Más bien hay que mirar de frente la terrible verdad y sacar las consecuencias que se imponen.
Vuelvo a hacer la pregunta: ¿qué ponéis en el plato de la balanza, Pastores de la Iglesia, cuando en el otro lado están la inocencia y la confianza de vidas jóvenes que nunca volverán a ser como antes?
No se trata de defenderse ante los hombres como cualquier asociación humana sino que se trata de responder ante Dios.
Sabiendo, además, que el mundo entero nos mira y que, según cómo respondamos buscando la justicia y la verdad, o no, se medirá la autenticidad de nuestra fe. Y que de la autenticidad de nuestra fe en esta terrible coyuntura dependerá en gran parte el destino del cristianismo en Occidente.
Una de las peculiaridades de este escándalo no radica, de hecho, en la pedofilia, ni siquiera en el hecho de que los pedófilos en cuestión sean presbíteros, sino más bien en el hecho de que en no pocas ocasiones los Pastores sabían de estos crímenes y, para no debilitar el poder de la estructura política de la Iglesia en el mundo, guardaron silencio y lo encubrieron.
No estoy exagerando.

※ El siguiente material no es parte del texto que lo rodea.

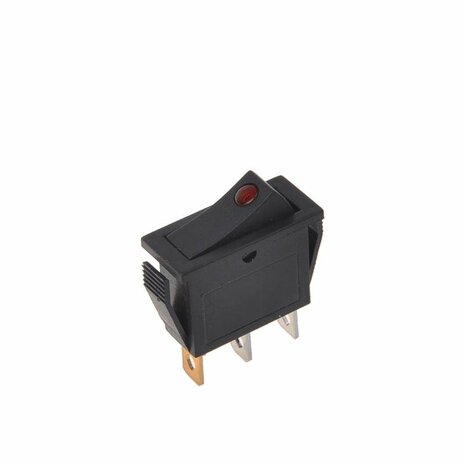 Wippschalter LED rot 12V 24V-max. 10A
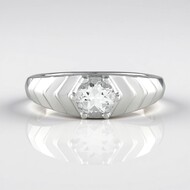 White Topaz Silver Ring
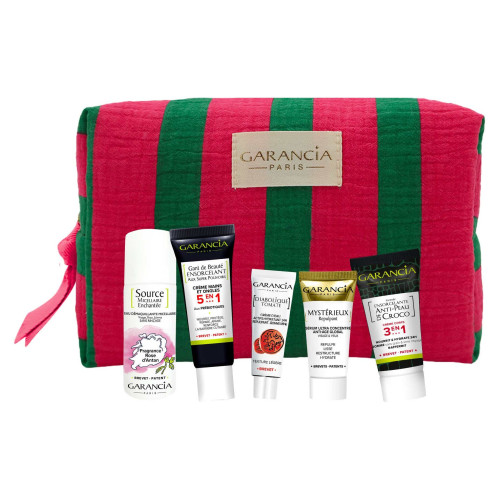 Trousse Beauté Garancia : 5 Essentiels Voyage pour Peau Éclatante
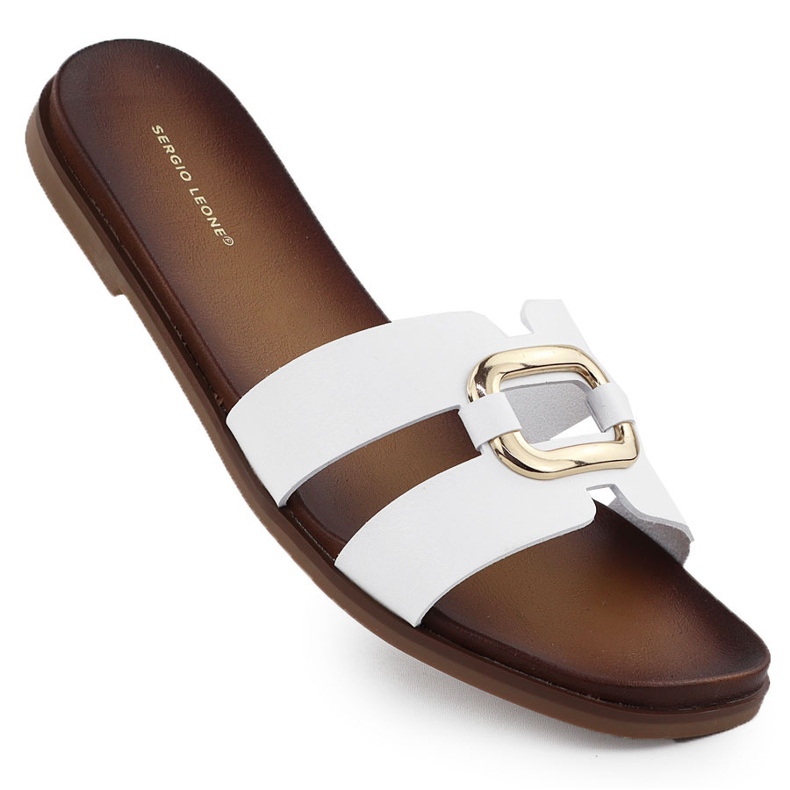 Naisten flip flops valkoisella sergio leone sk077h valkoinen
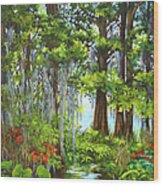 Atchafalaya Swamp Wood Print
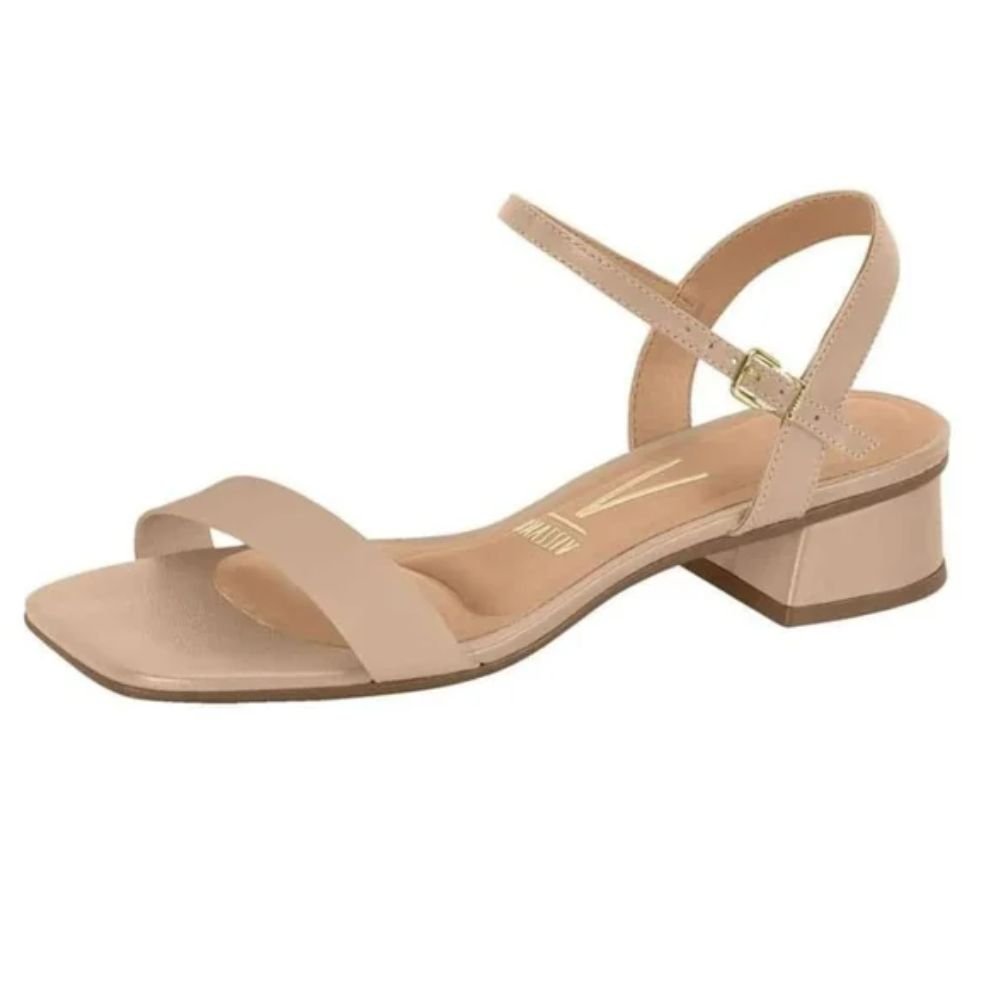 Sandalia Vizzano Salto Baixo Pelica Bege 2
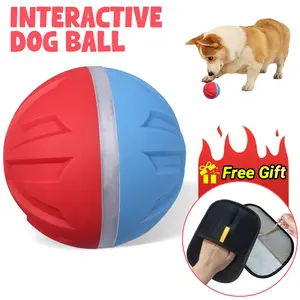 Smart Interactive Dog Toy, Chew Resistant, Dental Care, Outdoor, Rechargeable, for Small and Large Dogs Stri Charged Cat Ball Toy physical strength automatic kitten interactive  balls Scaredy Crow Kicker Cat Toy Inter cat Cats Fishing Rod Feather Aut dog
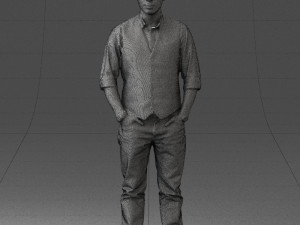 man in pose 0203 Modelo 3D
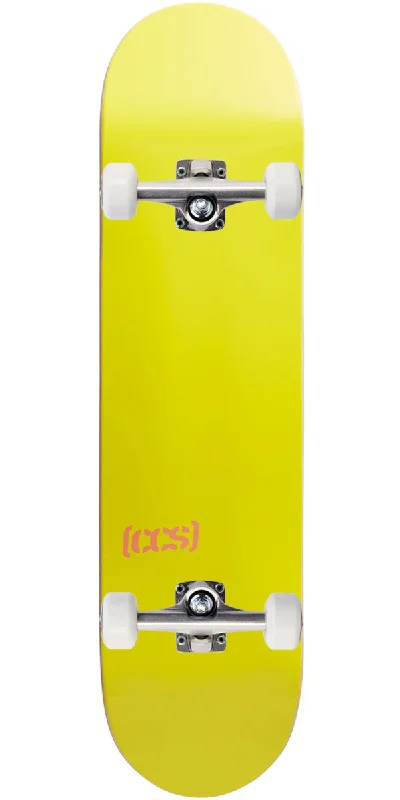 Pro Skateboard Deck with Custom Grip Tape-CCS Logo Skateboard Complete - Yellow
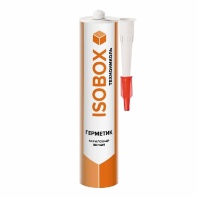 Товар Герметик ISOBOX акриловый универсальный белый 260мл можно заказать с доставкой Герметик ISOBOX акриловый универсальный белый 260мл купить в Новосибирске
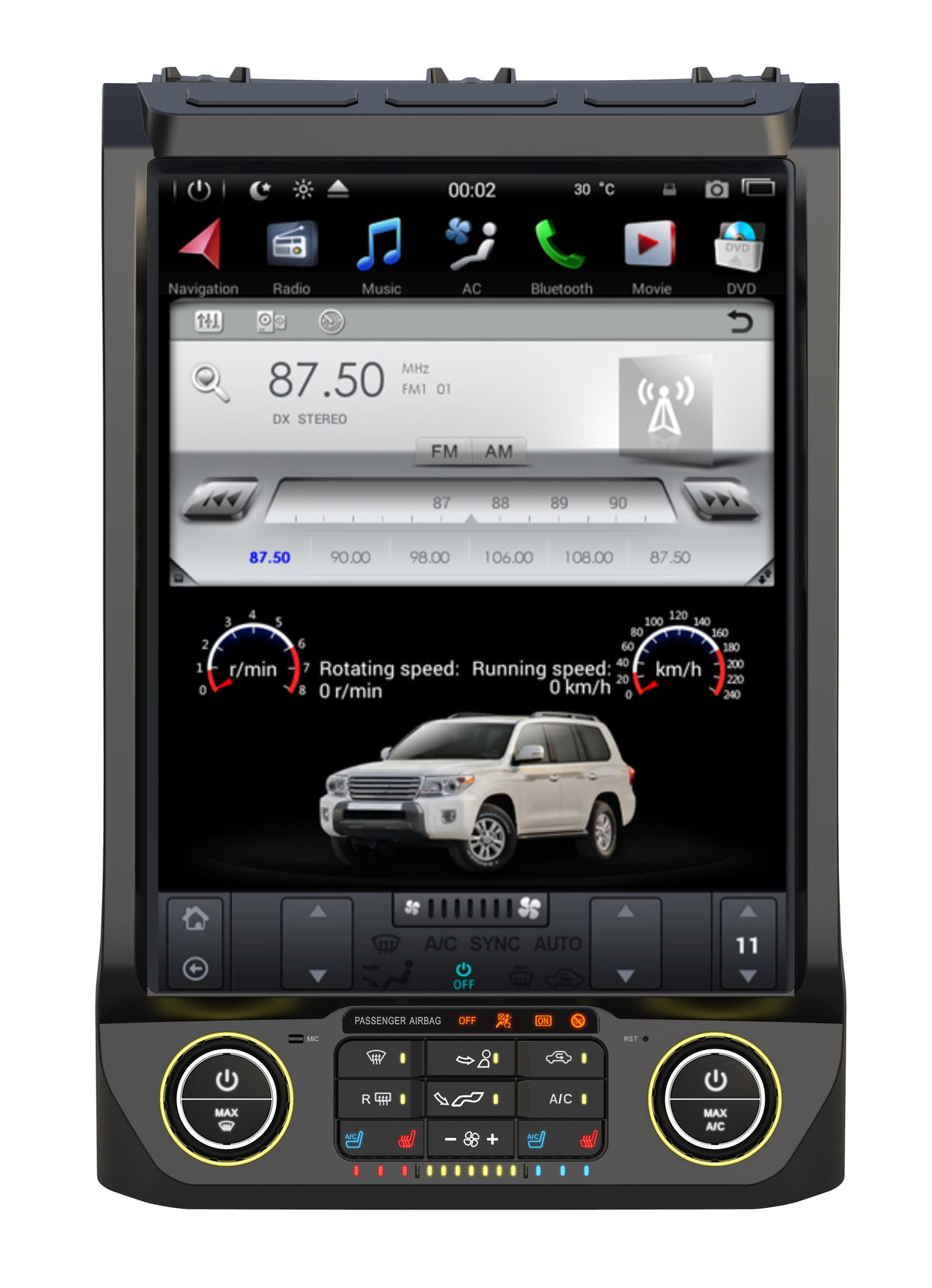 [open box] 13” Android 13/14 Vertical Screen Navigation Radio for Ford Expedition 2018 - 2021-Phoenix Automotive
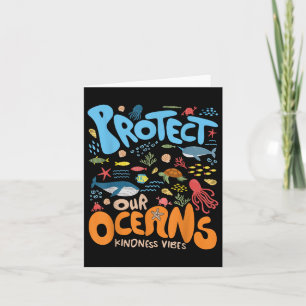 Carte Protégez notre océan Soyez comme Tortue requin Rét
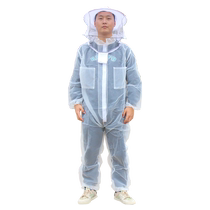 Mesh one-piece bee suit light and breathable bee sting-proof full-body protection honey-harvesting bee suit complete set of beekeeping tools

Recuerdo, por poner un solo ejemplo, que en su momento fue Monseñor Stephan Ackermann, Obispo de Tréveris y responsable de la Conferencia Episcopal Alemana para la cuestión de los abusos, quien habló de «encubrimiento» y «ocultación». Durante décadas enteras, no pocos Pastores han preferido la honorabilidad de la estructura política de la Iglesia a la justicia hacia las víctimas y, por lo tanto, hacia Dios.
Lamentablemente, las declaraciones de algunos apologistas celosos parecen estar en línea con la política de los años pasados, caracterizada por el encubrimiento y la ocultación. Una vez más, no se preocupan por estar a la altura de la justicia divina y de las almas de las víctimas sino por la honorabilidad de la estructura de la Iglesia.
Los apologistas celosos actúan como si la Iglesia tuviera algo que perder por seguir simplemente las palabras de Jesús en el Evangelio: «Es inevitable que se produzcan escándalos, pero ¡ay de aquel por quien se producen! Más le valdría que le ataran al cuello una piedra de molino y lo arrojaran al mar, que escandalizar a uno de estos pequeños».
Quieren salvar a la Iglesia, pero no comprenden que es precisamente su actitud la que la aleja cada vez más de la sed de justicia que impregna nuestro tiempo, y olvidan aquello de «Buscad el Reino de Dios y su justicia».